## Data listing
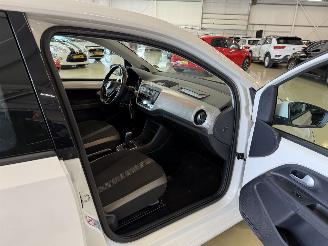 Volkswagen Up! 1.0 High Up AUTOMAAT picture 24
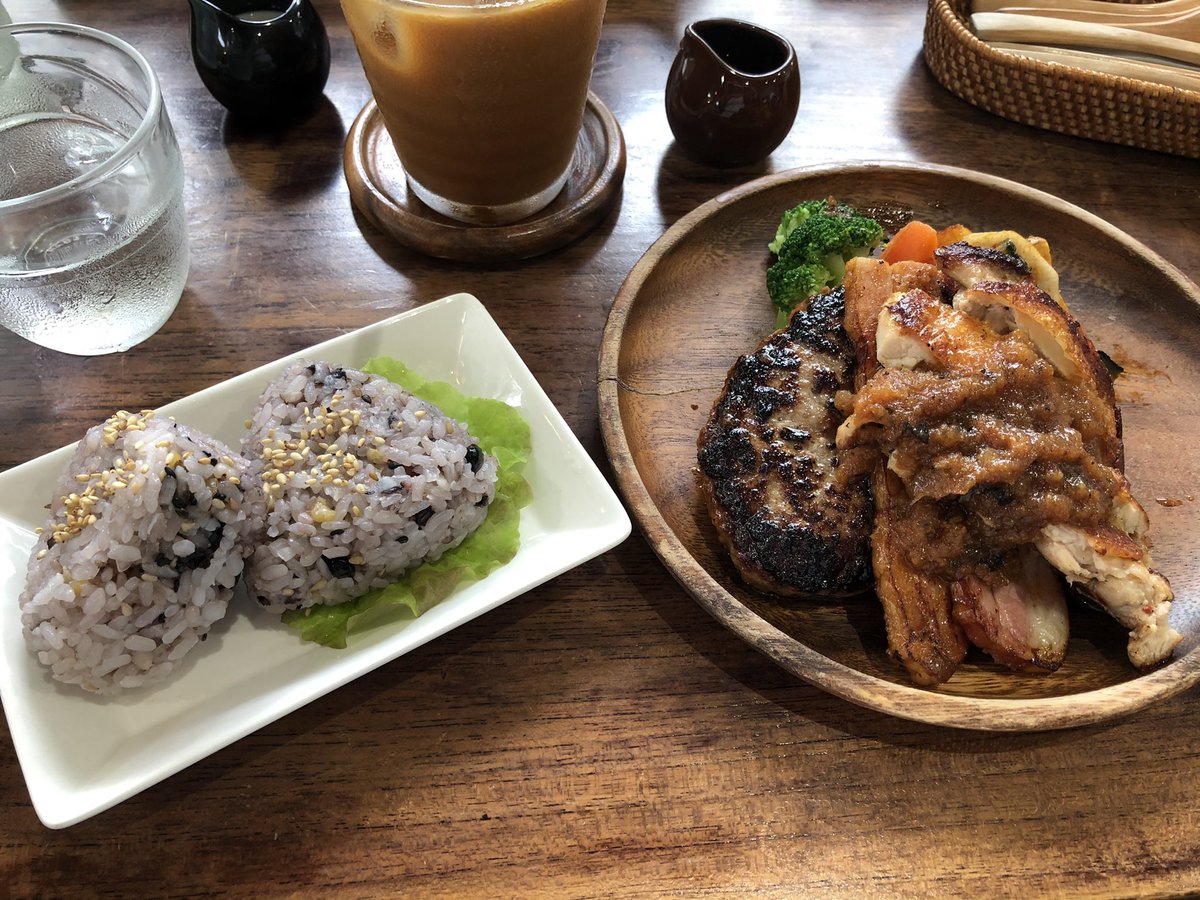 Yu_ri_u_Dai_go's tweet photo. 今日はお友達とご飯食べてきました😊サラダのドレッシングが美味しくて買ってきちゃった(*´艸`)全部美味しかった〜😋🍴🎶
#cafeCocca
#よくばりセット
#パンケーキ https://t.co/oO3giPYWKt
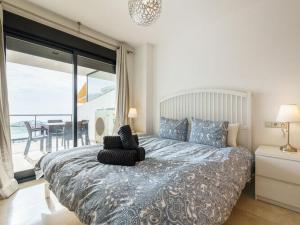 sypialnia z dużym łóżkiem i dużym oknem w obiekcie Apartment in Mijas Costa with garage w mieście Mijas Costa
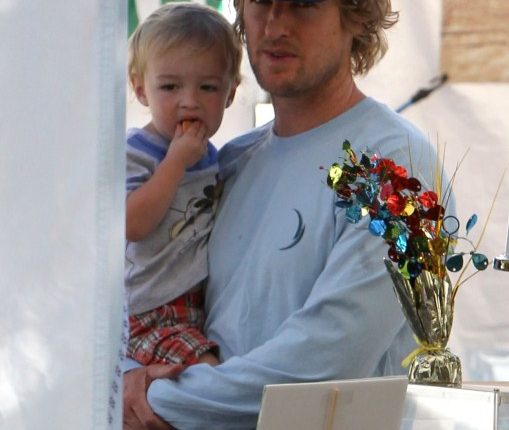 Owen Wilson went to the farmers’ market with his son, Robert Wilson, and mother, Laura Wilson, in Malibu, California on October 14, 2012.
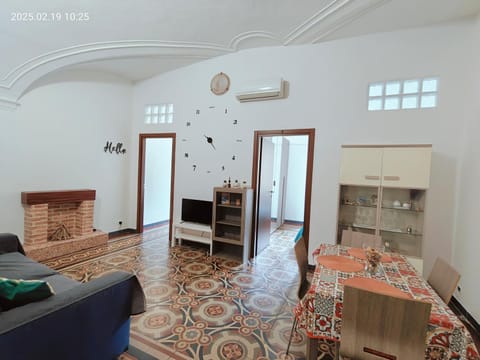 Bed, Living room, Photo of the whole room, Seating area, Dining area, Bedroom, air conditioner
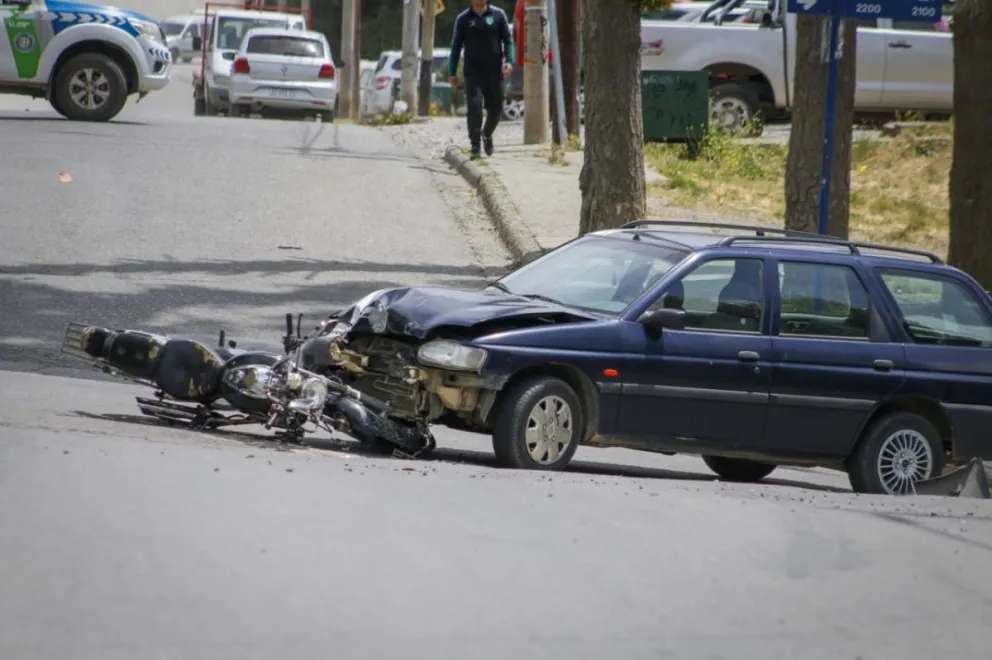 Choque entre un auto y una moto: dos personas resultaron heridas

## Assignment
Line by line, reproduce exactly the lines from the one containing "sypialnia z dużym" through the final line of the material, both included, leaving every picture out.

## Response to this task
 sypialnia z dużym łóżkiem i dużym oknem w obiekcie Apartment in Mijas Costa with garage w mieście Mijas Costa
 Owen Wilson went to the farmers’ market with his son, Robert Wilson, and mother, Laura Wilson, in Malibu, California on October 14, 2012.
 Bed, Living room, Photo of the whole room, Seating area, Dining area, Bedroom, air conditioner
 Choque entre un auto y una moto: dos personas resultaron heridas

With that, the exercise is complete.